Astronomy Magazine

White Holes

Posted on the 02 April 2011 by Gabe12logan
White Holes are time-inverted black holes. A black hole is the ultimate state of a process in which matter collapses under gravity in all the denser and denser state, until the surface gravity becomes so strong that even light can escape. Shortly after this ("soon" for an observer standing on the surface of stars, the distant observer this process takes infinitely long) matter is completely collapsed into a state of infinite density, which we call a singularity.
At the white hole everything is going the other way around: from the singularity "raise " the matter and spreads around. For outside observers of both holes, black hole is an object that just swallows matter and becomes larger and can not be destroyed (if we ignore Hawking radiation), while white hole emits only matter, and becoming smaller and can not be created. She was there at the time of the Big Bang, and a "cause" of its existence is in its future.
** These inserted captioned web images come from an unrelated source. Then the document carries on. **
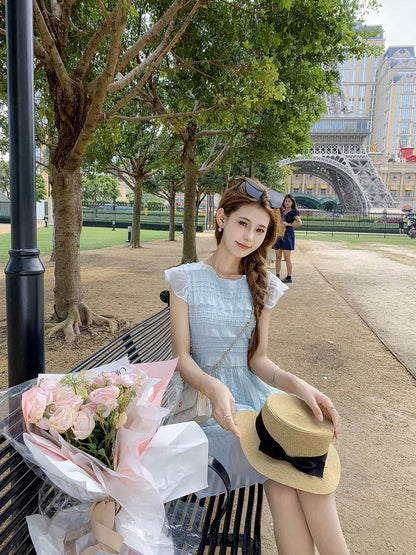 Fish Rabbit's Rabbit Gentle Wind Dress 2023 New Women's Summer Temperament Folded Waist A-Line Skirt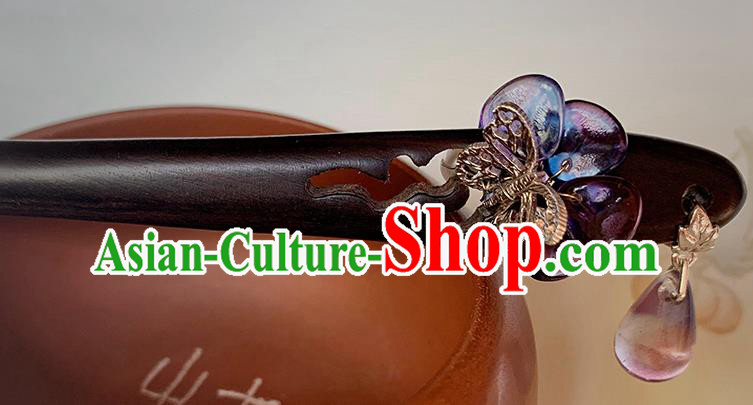 Traditional Ebony Hairpin Handmade Cheongsam Hair Jewelry Christmas Gift Chinese Hanfu Purple Glass Headgear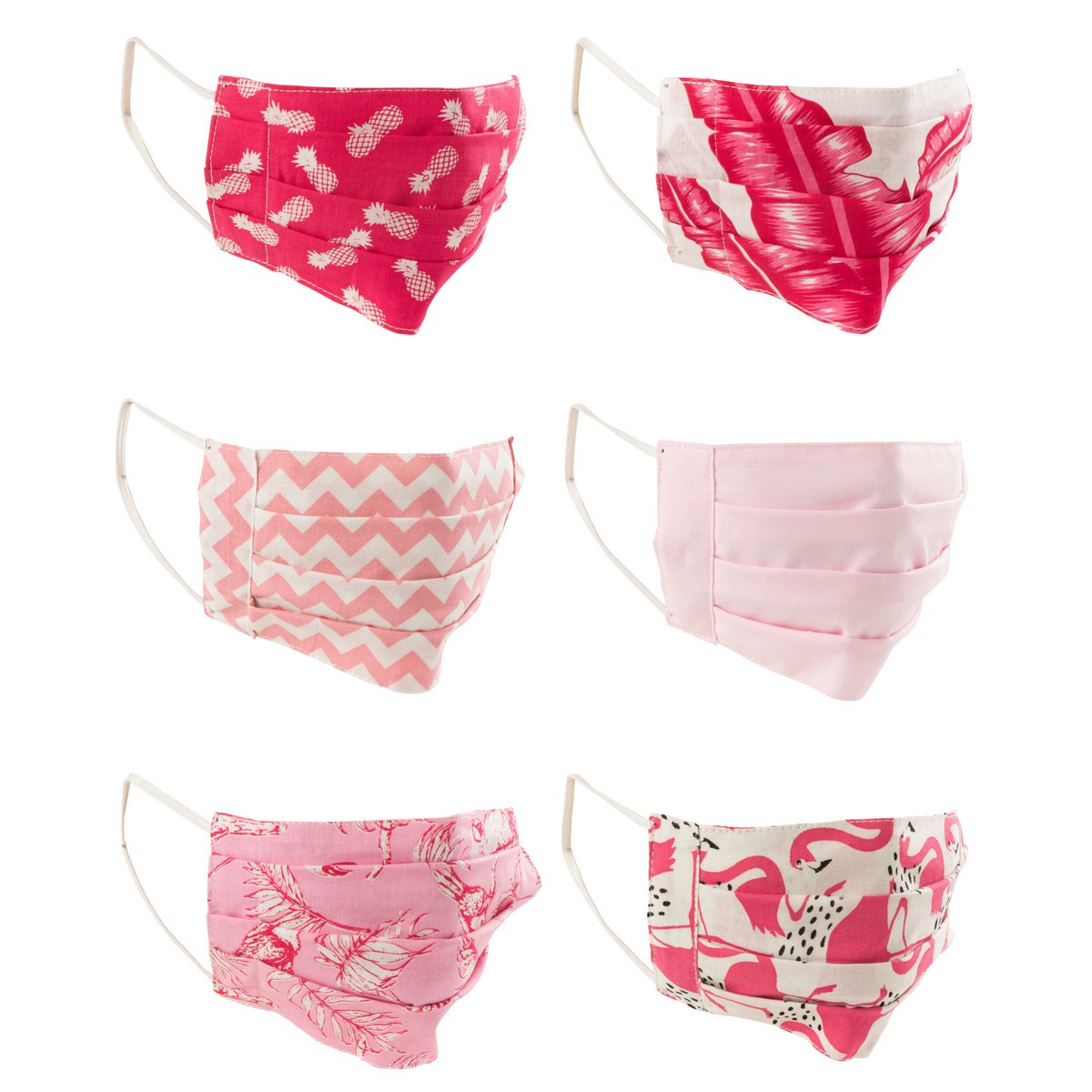 Masque en coton rose J-Line, porté par un modèle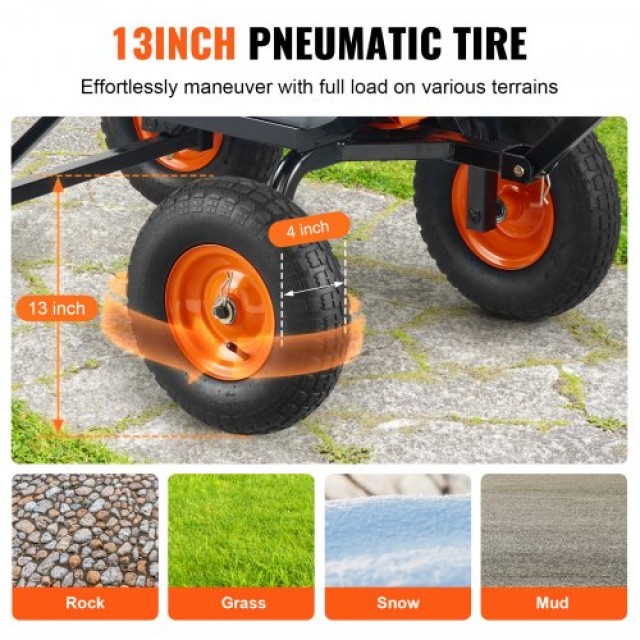 VEVOR Πολύ Καρότσι Κήπου Βαρέως Τύπου 6.48 cu.ft 1200 lbs SLZXTC1200B0XEEV4V0
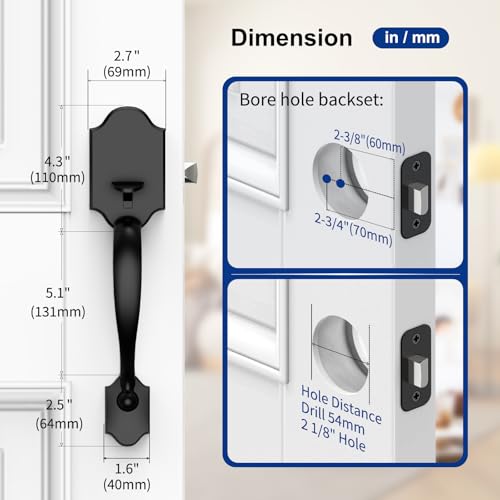 Camtek Front Door Handle No Lock, Matte Black Entry Door Lock Set with Reversible Handle, Exterior Door Lock Set Compatible with Keypad Deadbolt/Compatible with Mechanical Deadbolt by Camtek - Image 3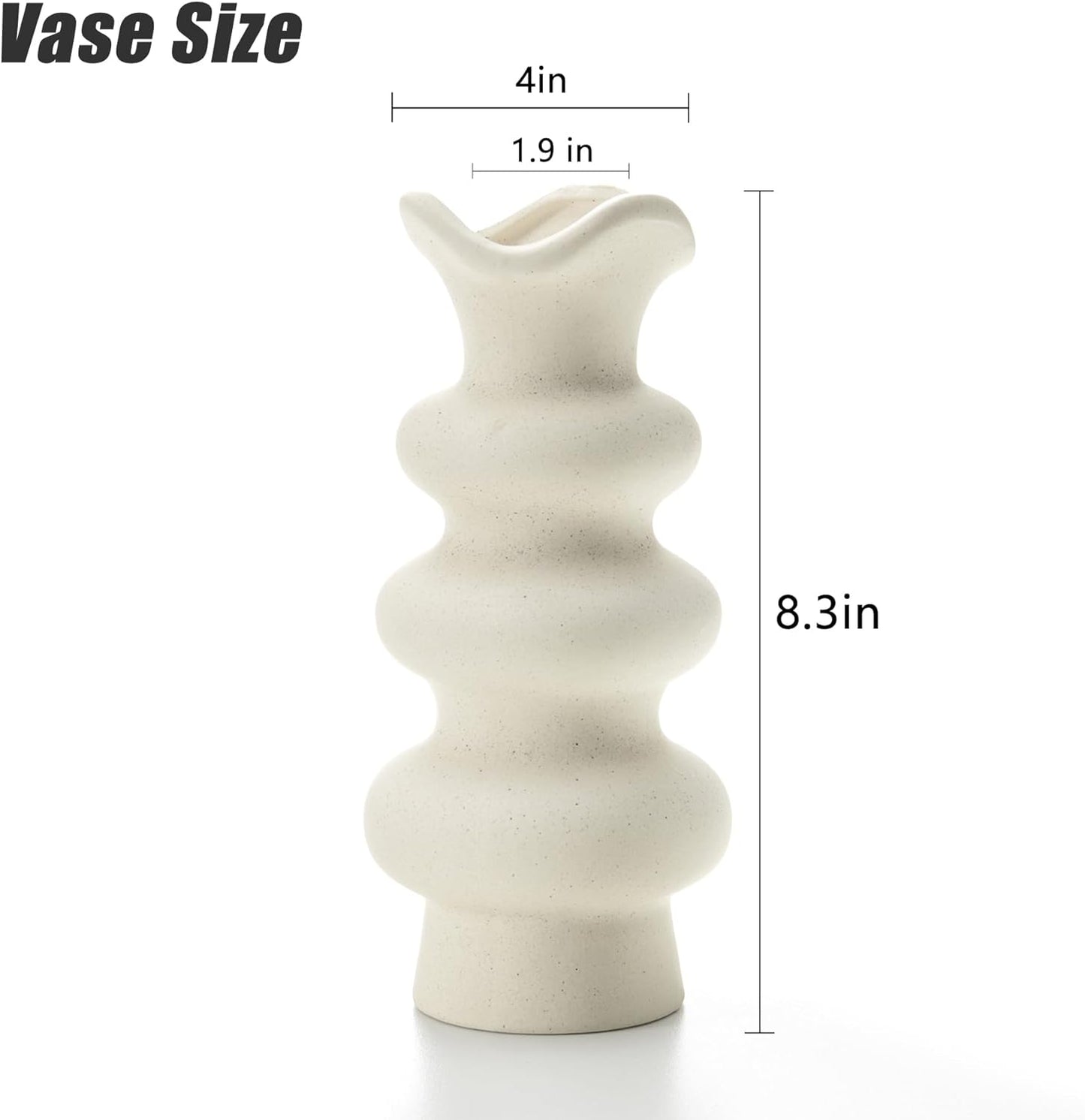 Jarrón Decorativo Moderno de Cerámica Blanca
From this can be seen that the white holes are paradoxical objects (do not respect the second law of thermodynamics) and hence many believe that they can not exist in nature. Some of the reasons why they still appear in the scientific literature are as follows: Einstein's theory is symmetric to time inversion, so if black holes appears in it (and they occur) then the white holes have to occur. It does not mean that they occur in nature that except with Einstein's theory must be consistent with other laws of nature (thermodynamics). Inside Einstein's theory, however, they may be interesting to observe from a purely academic-theoretical reasons.
"Black holes in our universe may connect to white holes elsewhere in the Universe , and White holes perform exactly opposite of black holes", which means that the black and white hole are in such a way linked to the Earth. If white holes really exist, they are in another universe with separate space - time to ours. White holes are the output of black holes. Where the white holes eject matter is not known.